Alcides Silva - 17 de maio de 2012 - 17:32

Chão de estrelas

Um dos mais belos versos da poética brasileira está em uma canção popular, presença obrigatória em qualquer seresta que se preze: ‘tu pisavas nos astros, distraída’. De Orestes Barbosa, esse verso se ombreia às mais puras expressões do lirismo nacional, como o verso final da morte de Lindóia, Canto IV, do poema “Uruguai”, da Basílio da Gama: ‘tanto era bela no seu rosto a morte’.
A palavra, como elemento primordial da linguagem, é, ao mesmo tempo, uma representação mental (transmite a compreensão individual do mundo externo) e uma manifestação psíquica (traduz os diferentes estados de alma). No primeiro caso, função representativa da palavra, seu emprego é no sentido denotativo ou referencial, a palavra tem o conteúdo literal que lhe atribuem os dicionários: lua > satélite da Terra, sem luz própria; zinco > folha de metal. Esse é o modo como os dicionários definem essas palavras. No segundo caso, como a palavra expressa e desperta, num “halo de emoção”, novos conceitos ou sentimentos, seu sentido é conotativo.
Denotação é a significação básica e objetiva de uma palavra; conotação são as associações várias e subjetivas que a palavra pode despertar.
Nos versos de “Chão de estrelas” (aliás, perfeita antítese), lua não é um ser inanimado, o satélite, mas o foco luminoso, animado, capaz de ultrapassar os pequenos orifícios da cobertura do casebre e projetar-se no chão, formando minúsculas claridades, à semelhança das estrelas do céu. Aqui a palavra lua não pode ser entendida em seu âmbito meramente gramatical. Haverá de ser compreendida estilisticamente, no contexto de toda a estrofe.

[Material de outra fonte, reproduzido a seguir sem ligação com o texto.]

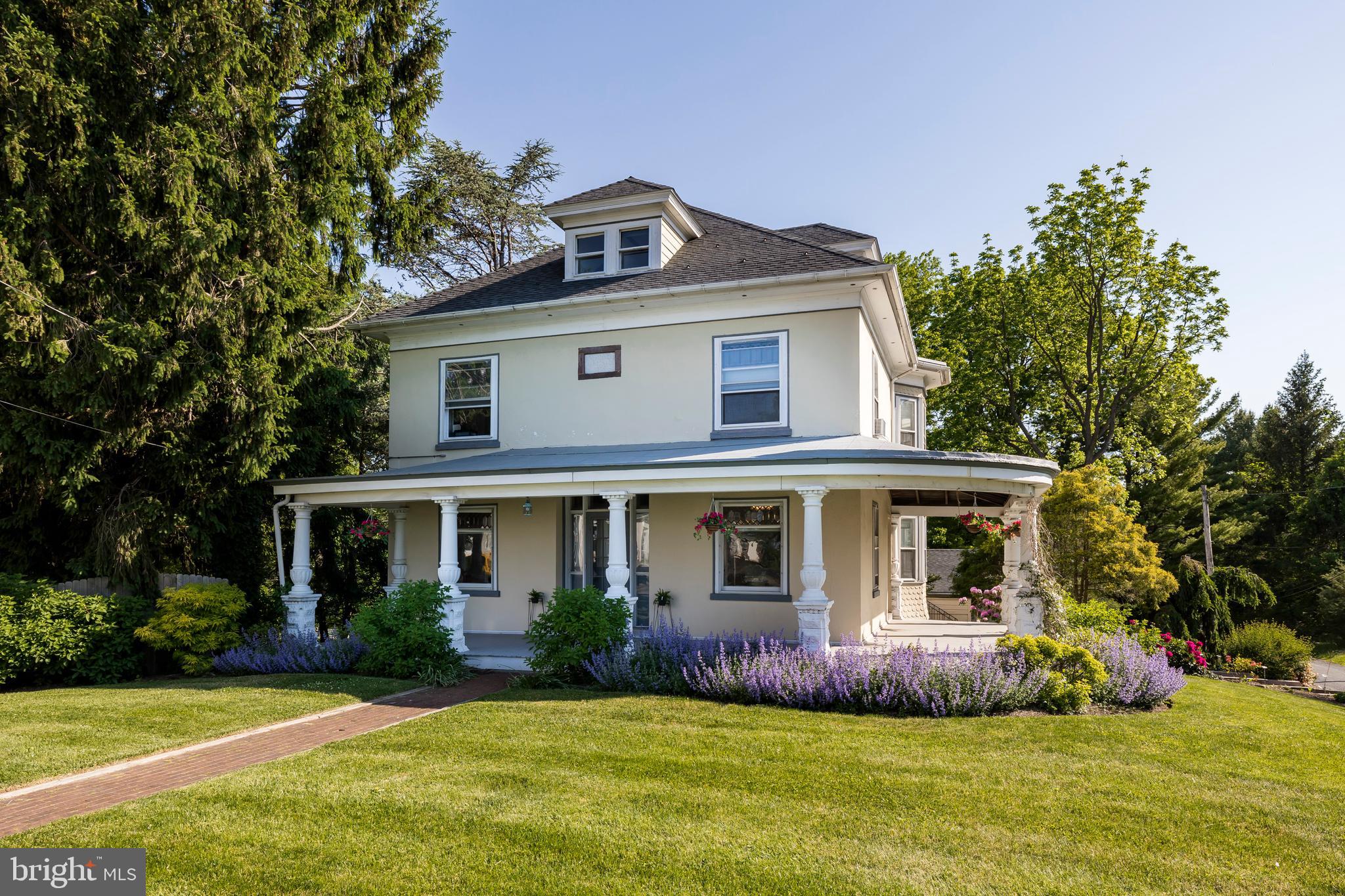 623 Ridge Road Spring City, PA 19475 - Photo 1 of 49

A canção, de seu título à palavra derradeira de seu último verso, é toda ela conotativa, metafórica. Seus termos saem do plano real para o imaginário, para o subjetivo, para a comoção.
A base do sentido conotativo é a metaforização.

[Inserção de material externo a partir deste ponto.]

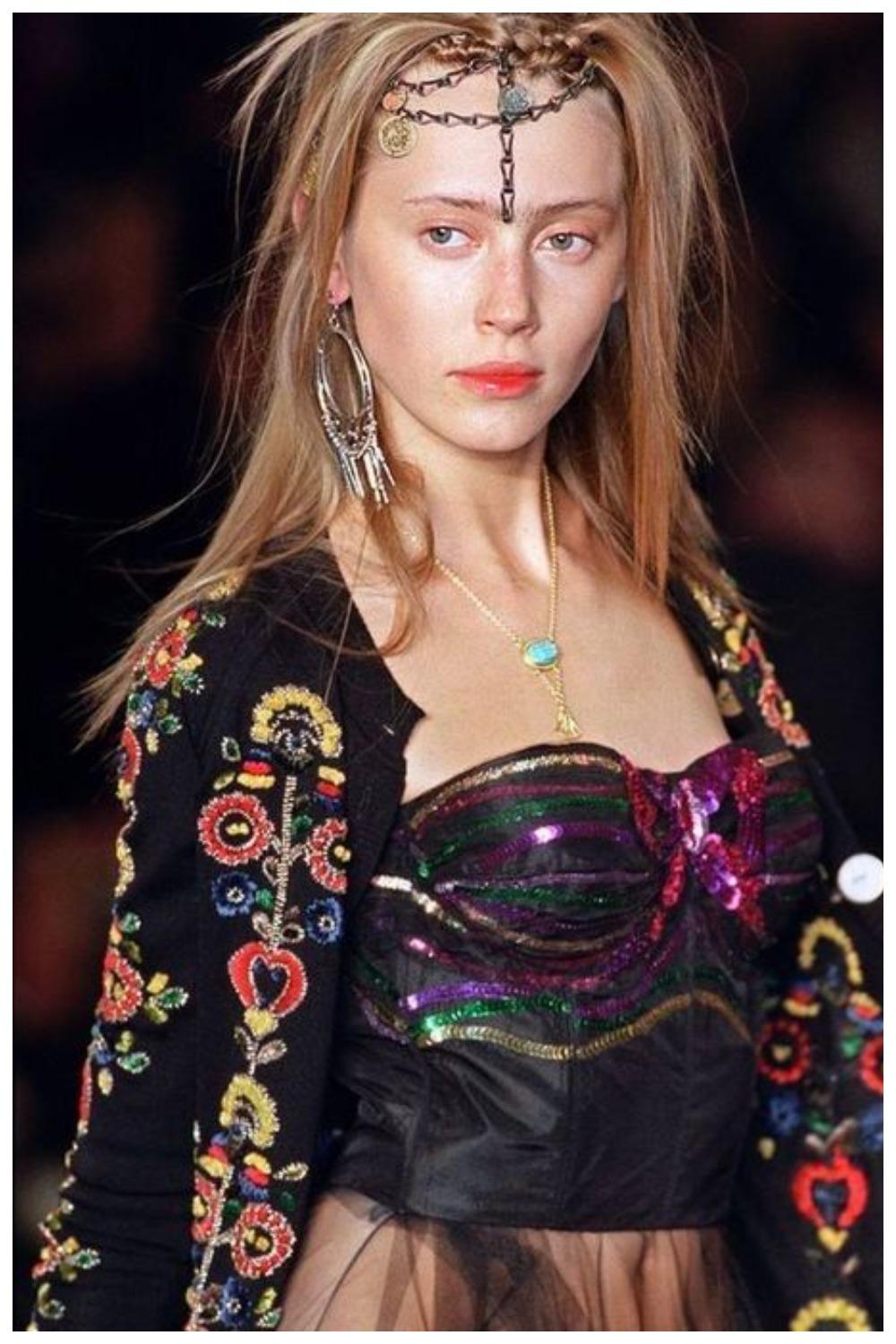 FW 2001 Christian Dior & John Galliano Strickjacke aus Wolle 2000er Jahre Häkelstickerei im Zustand „Gut“ im Angebot in Алматинский Почтамт, KZ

“Metáfora é a figura de palavra em que um termo substitui outro em vista de uma relação de semelhança entre os elementos que esses termos designam. Essa semelhança é resultado da imaginação, da subjetividade de quem cria a metáfora” (Hélio de Seixas Guimarães e Ana Cecília Lessa: “Figuras de Linguagem”).
Em ‘Tu pisavas nos astros, distraída’ a sensibilidade do poeta irisou em astros, que a cabrocha pisava, distraída, as réstias da luz espremida pelas rachaduras das folhas de zinco. O que importa aqui não é o significante “astros”, o significante “zinco”, mas a idéia da luz coada pelas frinchas do teto.

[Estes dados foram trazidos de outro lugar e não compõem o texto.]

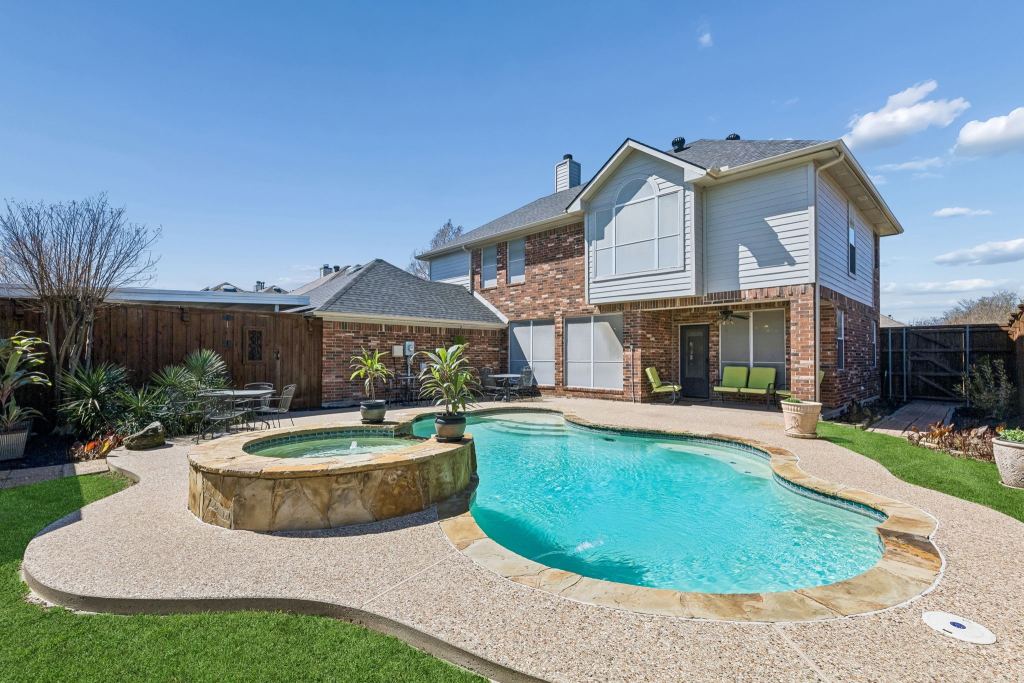 2710 Winterberry Drive, Rowlett, TX 75089 — photo 1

Gilberto Gil cantou que “o amor da gente é como um grão, uma semente de ilusão”; Caetano Veloso declarou que “a solidão agora é sólida, como uma pedra ao sol” e supinamente declamou Fernando Pessoa “ó mar salgado, quanto do teu sal / são lágrimas de Portugal”. Tudo metaforicamente, onde vale mais a alma, a emoção estética, a beleza, que a razão, o significante, como a sonoramente poética canção de Orestes Barbosa, interpretada magistralmente pelo imorredouro Sílvio Caldas.
Esta a estrofe final de Chão de Estrelas, de Orestes Barbosa, onde aparece um dos melhores versos da língua portuguesa: “A porta do barraco era sem trinco / mas a lua furando o nosso zinco / salpicava de estrelas nosso chão / Tu pisavas nos astros, distraída, / Sem saber que a ventura desta vida / É a cabrocha, o luar, o violão”.